Skocz do zawartości
Polski Portal Literacki

Rekomendowane odpowiedzi

Opublikowano

cisza przeciąga się
jak kot mruży oczy
z kluczem wiolonczelowym w ustach
czekamy
z uderzeniem w struny

kaligrafia pierwszej nuty

głosu tony
targamy
ósemki i szesnastki
to w moją
to w twoją
stronę pięciolinii
poszarpane
i dźwięki

wystarczająco miejsca
aby się schować
być razem w takt
wybijać pozornie

linię jak linę rzucamy
trzymamy- mocno oboje
końca

Opublikowano

Pathe... czytam Twój wiersz po raz któryś.. i jakiś niedosyt czuję... zmieniłabym troszkę, tylko czy trafnie...? W środku wiersza jest ...poszarpane i dżwięki... czy to "i" potrzebne..?
Zakończenie... jeśli mowa wyżej o pięciolinii, to dlaczego użyłas słowa.. linię...?
Trzymamy mocno oboje końca... dla mnie nie brzmi to poprawnie, może przestawić nieco..?
Skoro mowa o tej linie, trzymanej przez dwoje .. to może struny czasu...?.. buu...:(
No i sam zapis... nie chcę się wymądrzać, ale zmieniłabym.
Serdecznie pozdrawiam...:)

Opublikowano

Heh, a ja dokładnie na odwrót w stosunku do mojej szanownej przed-komentatorki:)
Bardzo lubię takie artystyczne klimaty z pogranicza poezji, muzyki i kaligrafii, tej niezwykłej,
a w Europie już niemal zapomnianej sztuki.
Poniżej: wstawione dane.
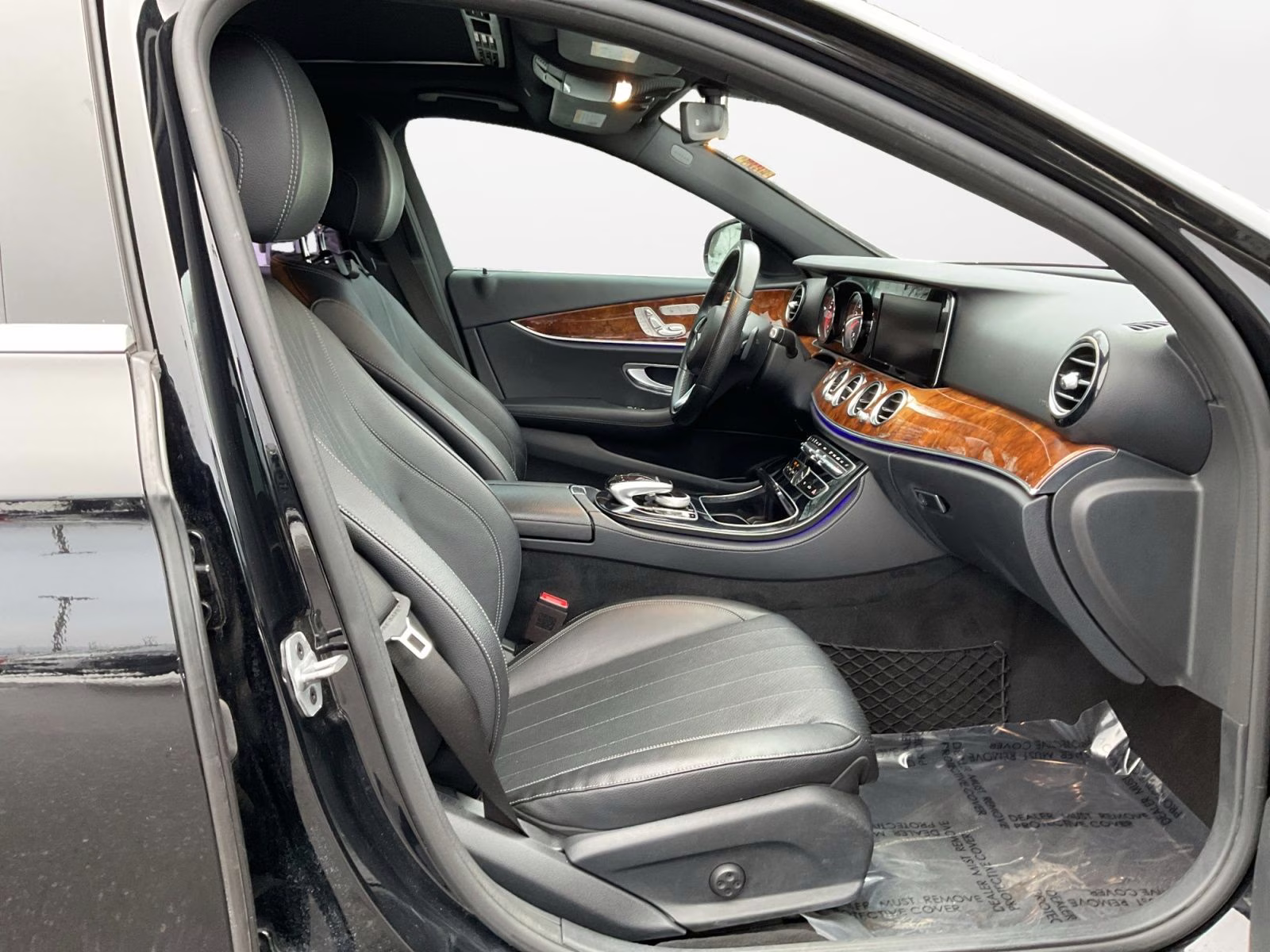 2018 Black Mercedes-Benz E-Class E 300 AWD Sedan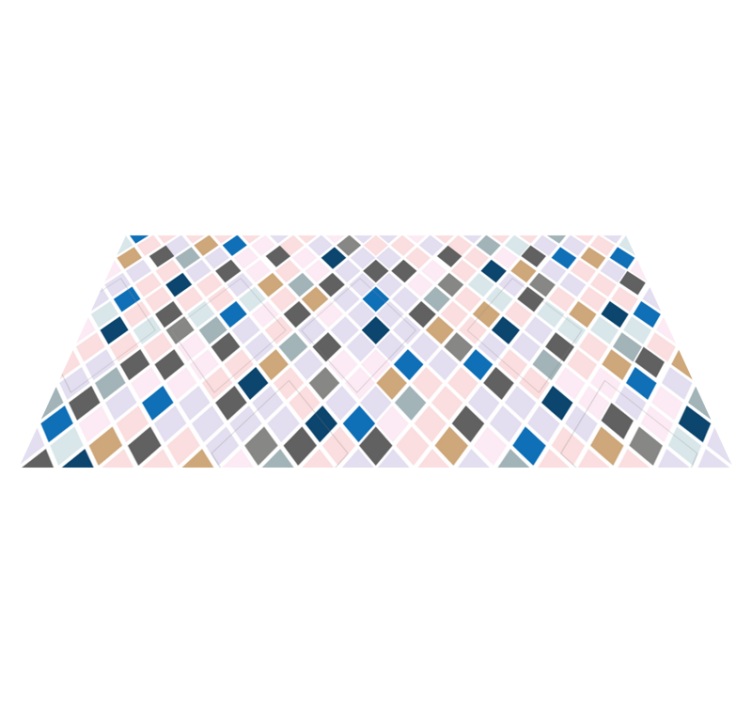 Sober blue nordic rhombesus nordic vinyl rug - TenStickers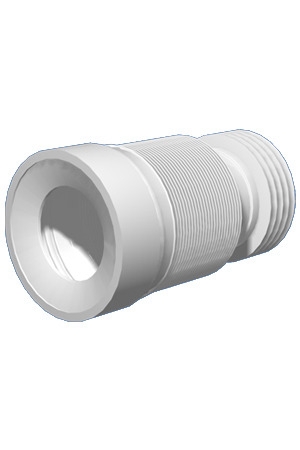 Слив разд. д/унитаза гофр.(230-550мм) (22) АНИ K 828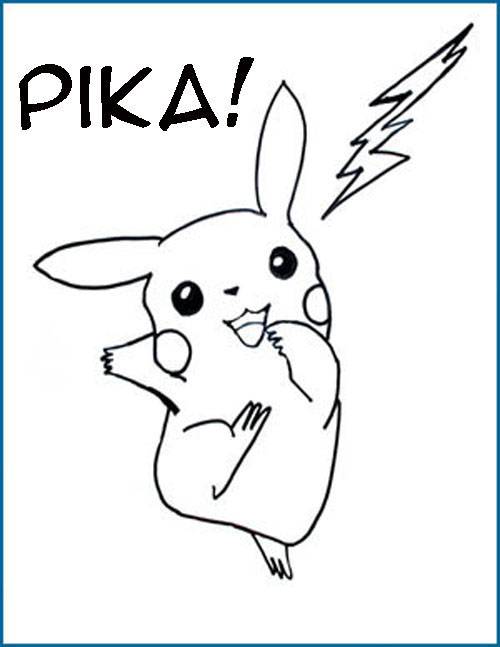 Little Pokemon coloring pages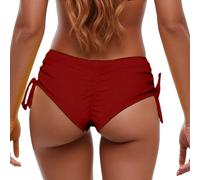 EODJXIO Costume Donna Nuoto Piscina Mini Bikini Due Pezzi Coprente Intero Brasiliana Push Up Rosso Baywatch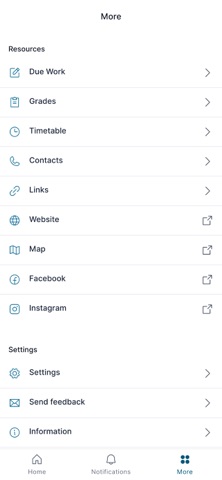 Marist Regional College iPhone screenshot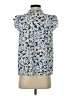 Ann Taylor 100% Polyester Floral Blue Sleeveless Blouse Size S (petite) - photo 2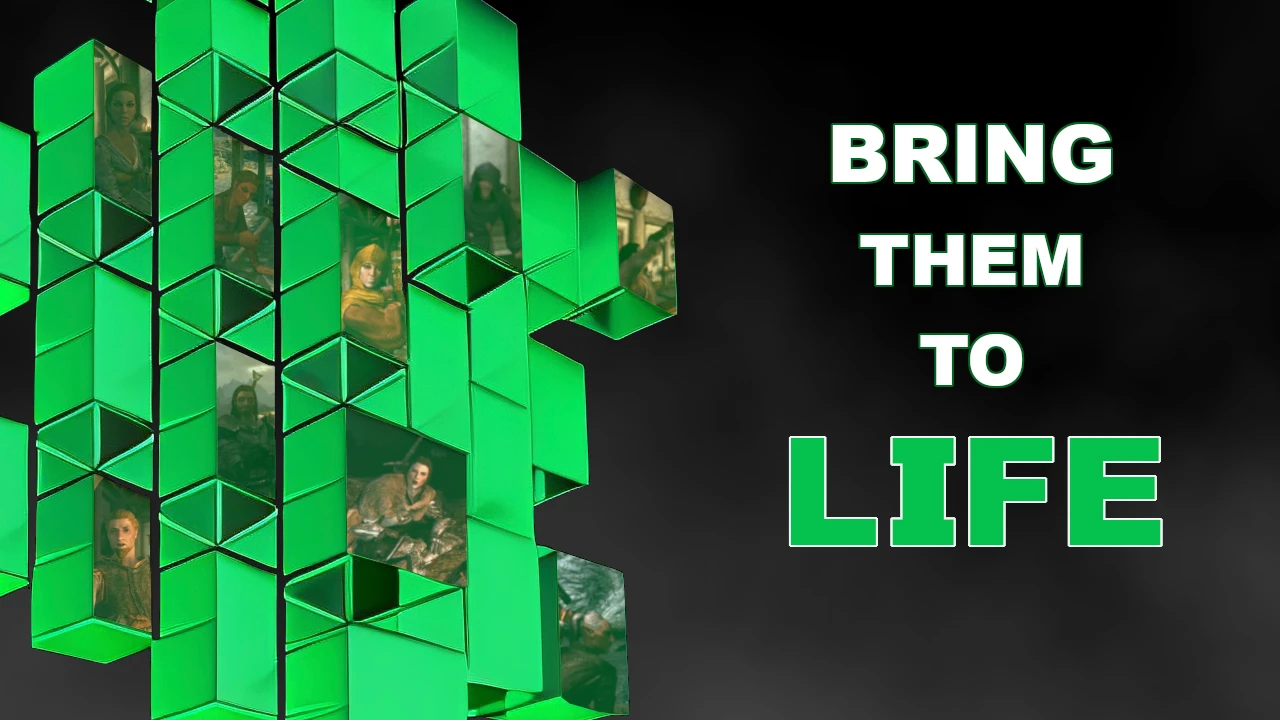 Мод Mantella на Skyrim, созданный с помощью нейросетей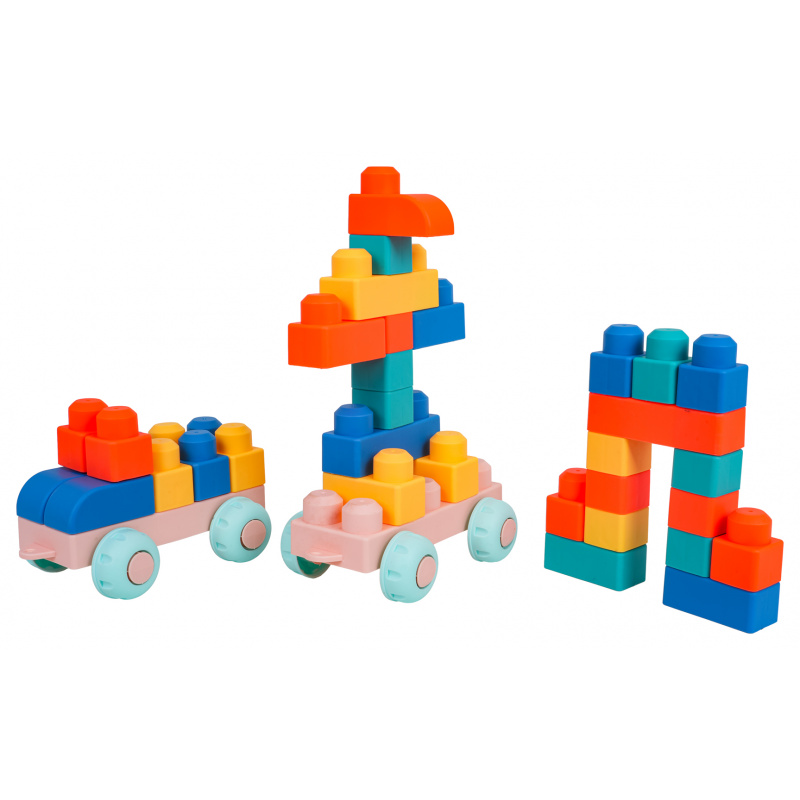 Sada Měkkých Kostek 45 ks.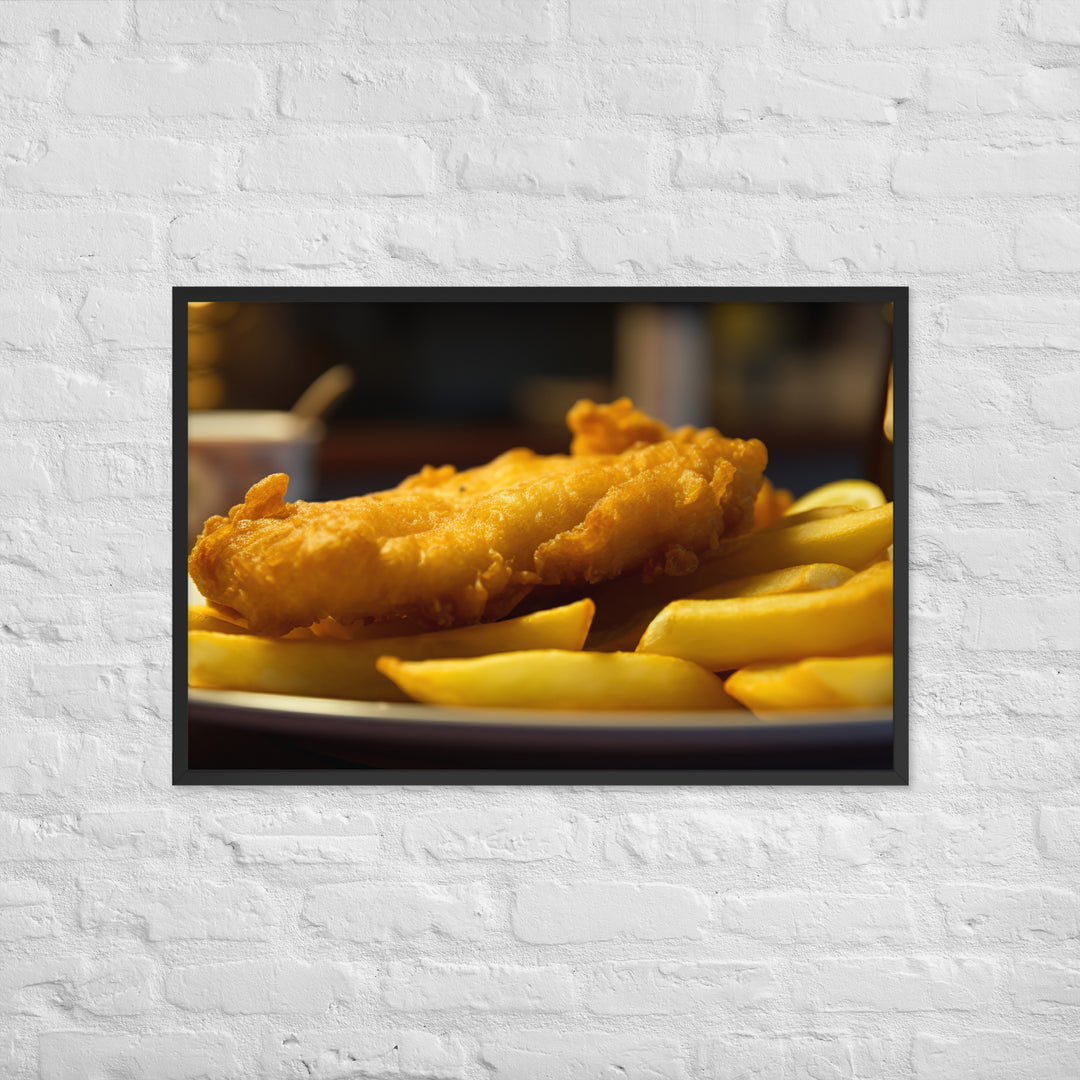 Fish and Chips Framed poster 🤤 from Yumify.AI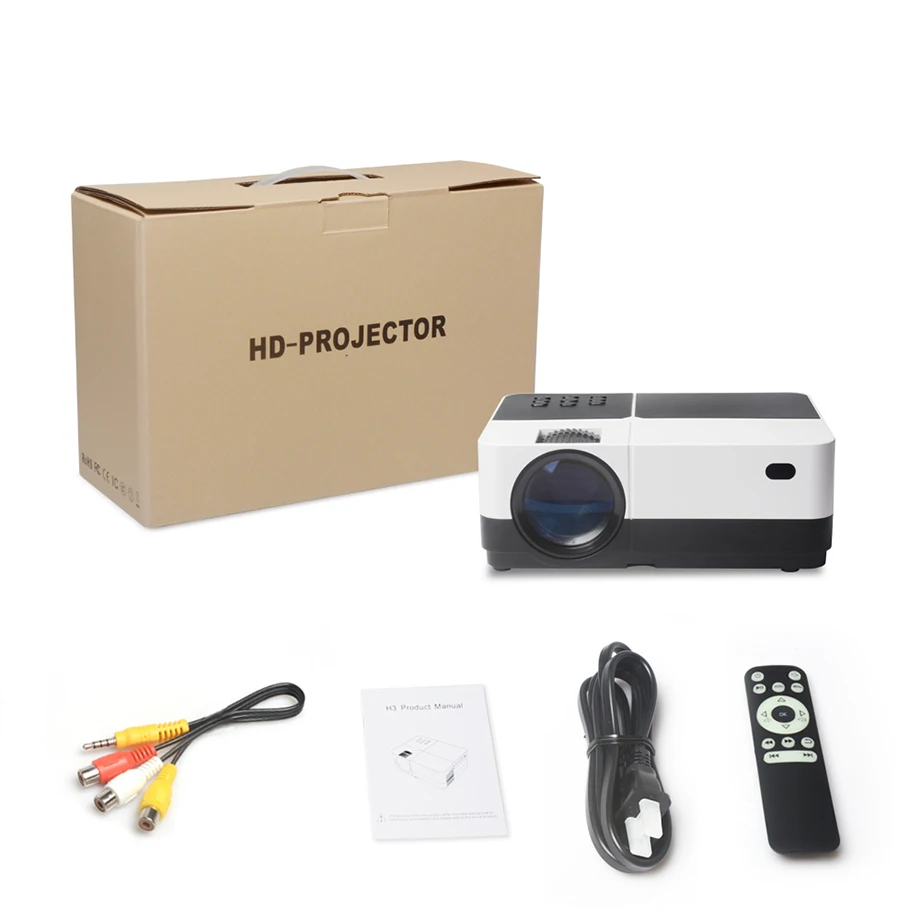 projector near me Smartldea H3 native 1280x720 Android wifi Smart projector support 1080p HD led home proyector Large Screen video game beamer new projector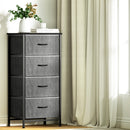 Chest of 4 Drawers Storage Dresser Tallboy Grey
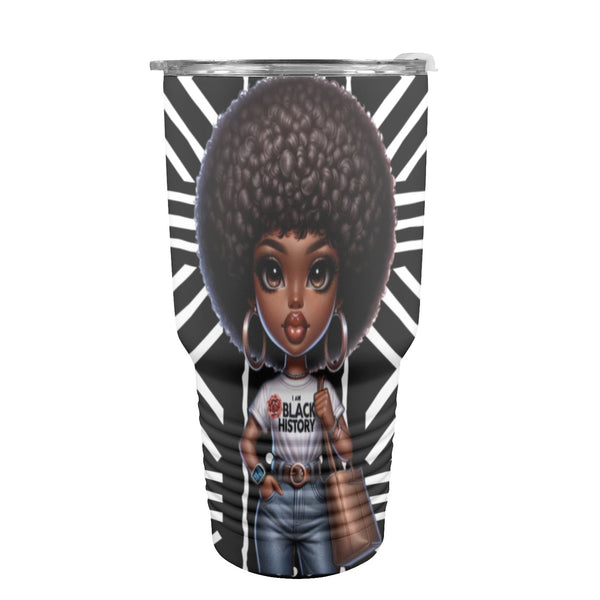 Black History 30oz Insulated Stainless Steel Mobile Tumbler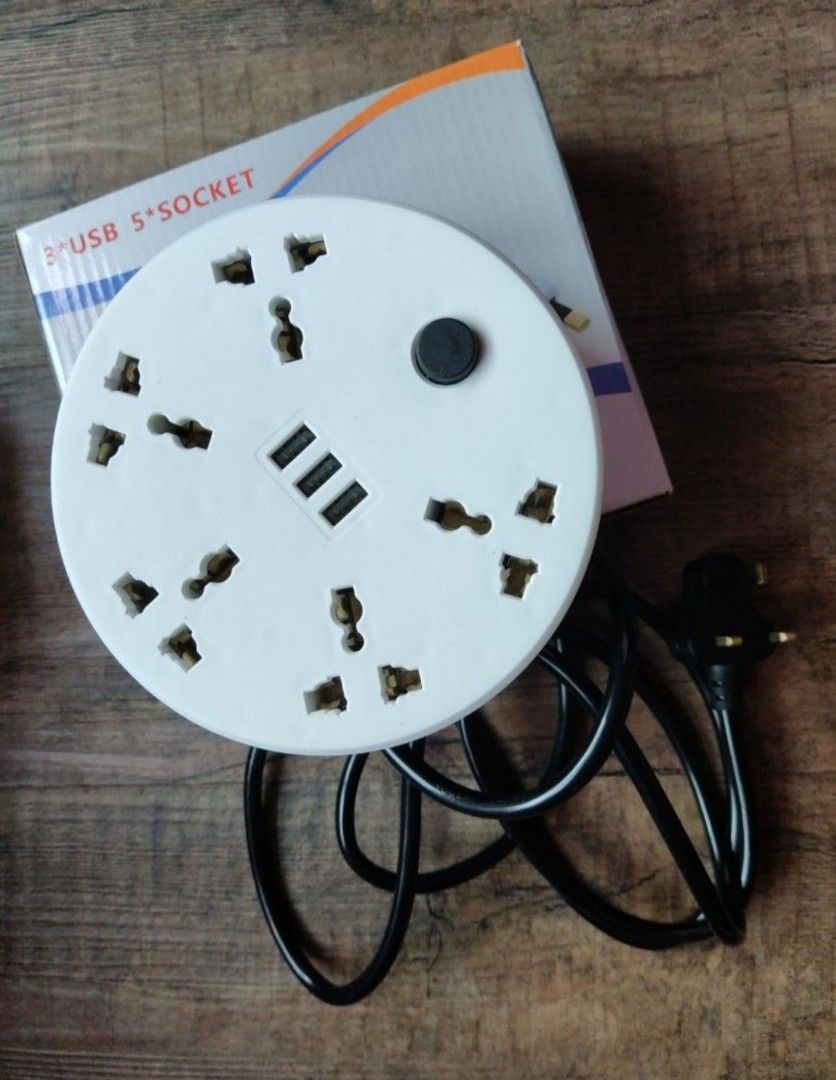 IN STOCK! Portable Power Outlet with International Socket, TV & Home ...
Dodatkowo treść jest dla mnie znów klarowna
i intrygująca - a zatem tylko przyklasnąć takiemu koncertowi. Chetnie będę wracać
do tego wiersza:) Pozdrawiam serdecznie, pathe, i mogę wam akompaniować na grzebieniu:)

Opublikowano

Jeżeli miało wyjśc brzmieniowo - to wyszło.
Późno, ale zawsze na czas :)
Dobre.
Pozdrawiam.

(PS - już tak na marginesie - warto tez popracowac nad taką dokładną organizacją brzmieniową, szczególnie w tego typu wierszach - to jest trudna rzecz, ale czemu nie ?)

Opublikowano

Zaloguj się, aby zobaczyć zawartość.


a na nerwach? pliss wolę nerwy bo są intrygujace- more od grzebienia. w sumie może i wyjdzie na jedno. grzebień i nerwy.
e jakies głupoty pisze dzisiaj.fajnie, że sie podoba
Opublikowano

Droga Pathe, skoro nie planujesz "ruszać wiersza"... nie miało by sensu, bym podawała moją wersję ze zmianami (nie były by aż tak znaczne), bo to Twój wiersz i Ty masz głos decydujący. Wpisując się do Ciebie jako pierwsza, mogłam założyć, że następne komentarze będą milsze (lub nie).... były cieplejsze.... ale czy miałam się tego "bać" i nie pisać nic...?... bo możesz poczuć się "urażona" moimi słowami ..?
Jeśli tak (a mam nadzieję, że nie), to ocenianie mija się z celem i założeniami Forum.
Zapewniam Cię, jestem w moich skromnych ocenach bardzo obiektywna... i wiedz, że staram się chwytać to, co najlepsze, w dosłownym tego słowa znaczeniu... zarówno z wierszy jak i z komentarzy. A Forum, to szkoła podstawowa dla mnie w pisaniu wierszy... tylko nie wiem, która klasa..;)... ja cały czas uczę się, przynajmniej próbuję.
Kłaniam się... dobranoc Pathe....:)

Opublikowano

Zaloguj się, aby zobaczyć zawartość.


Nata...
nie czuję się urażona.jestem otawrta na propozycje dlatego poprosiłam o Twoją wersję;)
nie planowałam zmian bo wiersz był już kiedyś w warsztacie, do tego działu wklejam to co uważam na chwilę gotowe. więc luz i wklejaj.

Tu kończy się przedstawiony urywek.